This usually happens with animals that graze in paddocks with aged forages, which are difficult to digest for the animal. Furthermore, a high fiber content affects the potential consumption of forage by the animal, by increasing its retention time in the rumen, thus decreasing the voluntary consumption of food, which becomes a limiting factor to meat and milk production.
In Nicaragua, cattle ranching is an important part of the economy, as well as the main component of livelihoods in municipalities such as Camoapa (Boaco) and Matiguás (Matagalpa), where 78% of farming families derive their livelihoods from it. Both zones are located in the Central Region of Nicaragua, and their predominant livestock production system is dual purpose (meat and milk). However, these systems have deficiencies in livestock feeding, due to the low availability of forage during the dry season of the year and the degradation of grazing areas due to inadequate management. As mentioned above, poor livestock nutrition indirectly increases the environmental footprint of livestock in those territories.

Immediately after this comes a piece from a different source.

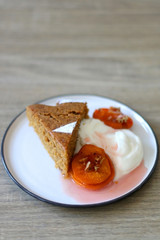 Slice of homemade sponge cake served on a table with whipped cream, cooked apricots and walnuts. Selective focus.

After the signing of the Paris Agreement, the Nicaraguan Government committed to seeking and implementing strategies to reduce GHG emissions. By improving livestock feeding and livestock productivity, this becomes a triple-win scenario for the country, their farmers, and environment.
During 2017, a group of researchers from the International Center for Tropical Agriculture (CIAT), seeking to contribute to countries’ commitments to reducing emissions without compromising productivity, evaluated GHG production of typical legumes (trees, perennial herbs, and shrubs) and grasses used as cattle feed in the two Nicaraguan municipalities. To this end, in vitro procedures were carried out in the laboratories of CIAT’s headquarters with forage grasses collected in these two places.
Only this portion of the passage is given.